Connected universes: The rise of online and social play
Fast-forward to the 2000s, and suddenly, gaming isn’t a solitary experience anymore. Titles like World of Warcraft, Final Fantasy XIV Online, and Elder Scrolls Online showcase the emergence of vast, living worlds where thousands of players coexist, collaborate, and sometimes compete.

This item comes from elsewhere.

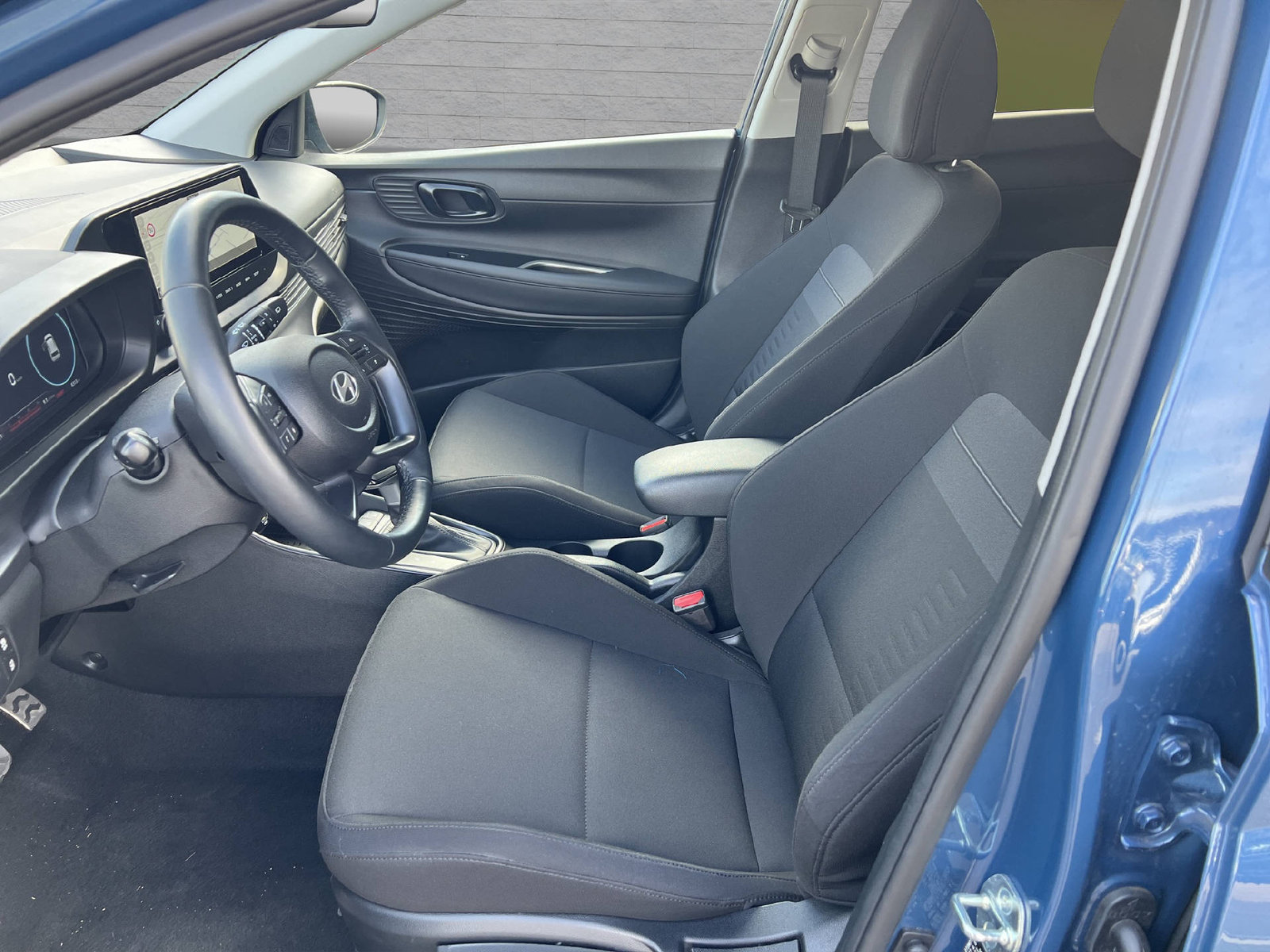 HYUNDAI Bayon 1.0 T-GDi Amplia, Essence, Voiture de démonstration, Automatique - 6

At Game Worlds, these multiplayer environments are more than nostalgia trips, they’re reminders of how games became early social networks. Guilds, raids, and community events became digital campfires where people found belonging, built friendships, and even launched careers in content creation and esports.
Online communities in particular made a huge rise during the pandaemic as places to find connection and community. The Game Worlds exhibition showcases how many of these online games evolved over the years, especially titles like World of Warcraft that have been around for decades. The exhibition also pays homage to those games that were taken offline or shut down due to multiple factors, and remembers the communities that dwelled in those digital landscapes.
The indie revolution: Creativity without limits
The next part of the exhibition celebrates independent (indie) creators who’ve reshaped what games can be. Titles like Celeste, Hollow Knight, and Terra Nil stand shoulder to shoulder with global giants, living proof that innovation doesn’t require a blockbuster budget. Many of these games are built on Aussie soil, solidify the importance of the Australian gaming industry.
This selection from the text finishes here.